- **Exercise requirements**
Everything in the data that follows should be given again verbatim, except the images.

- **Dataset content**
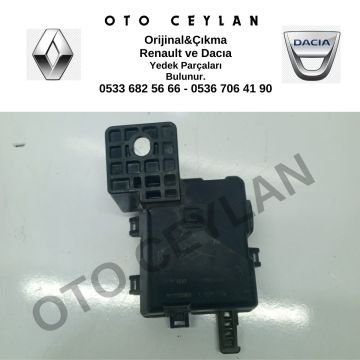 243880001R Megane 3 Fluence Sigorta Kutusu Kapağı Orijinal Çıkma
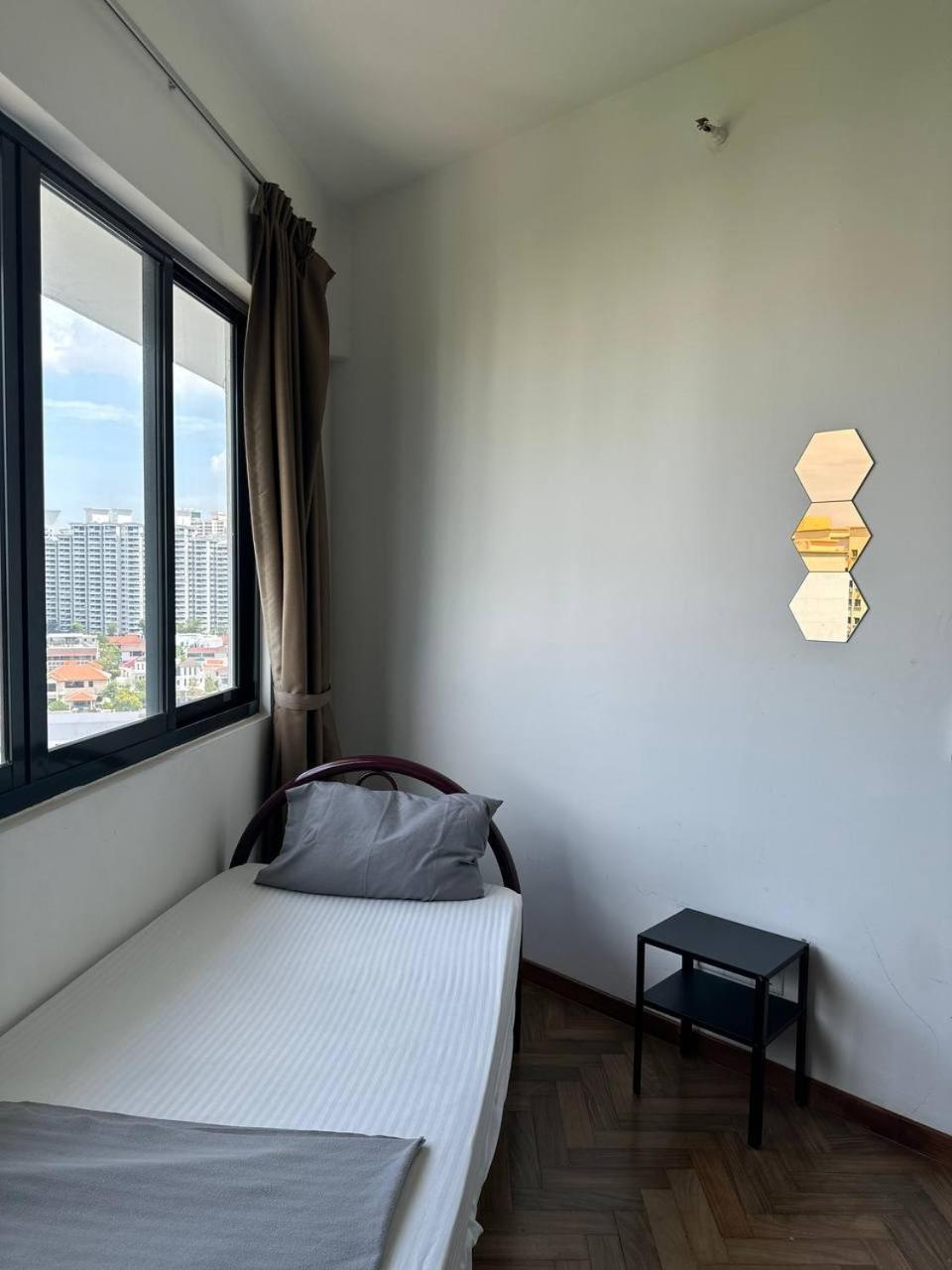 The Landmark Comfort Relax Spacious Sea View By Iz Tanjung Tokong Exteriör bild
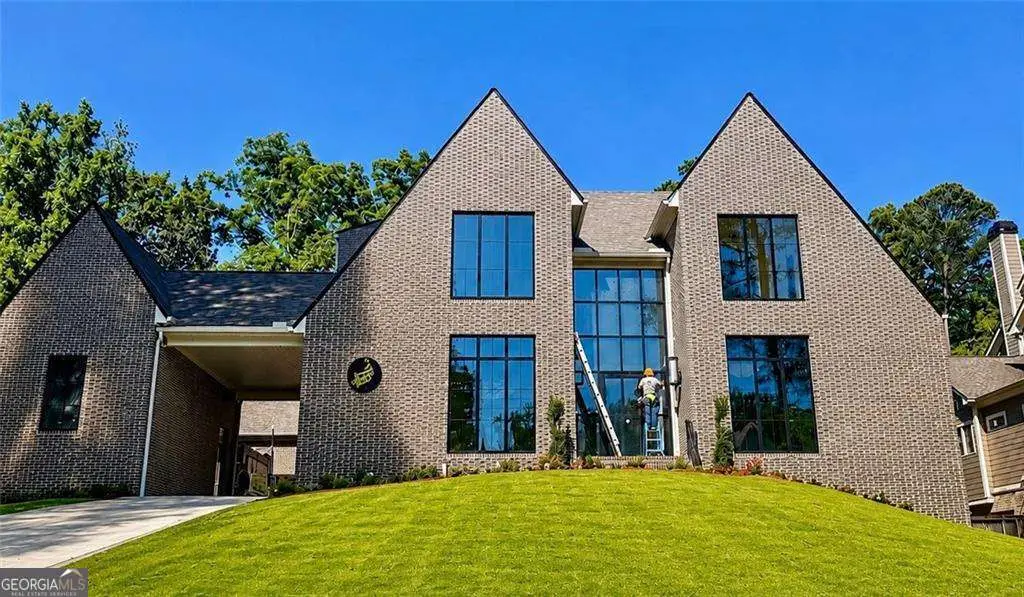 3157 Woodrow Way Ne, Brookhaven, GA 30319 - #1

- **Solution to this task**
 243880001R Megane 3 Fluence Sigorta Kutusu Kapağı Orijinal Çıkma
 The Landmark Comfort Relax Spacious Sea View By Iz Tanjung Tokong Exteriör bild
 3157 Woodrow Way Ne, Brookhaven, GA 30319 - #1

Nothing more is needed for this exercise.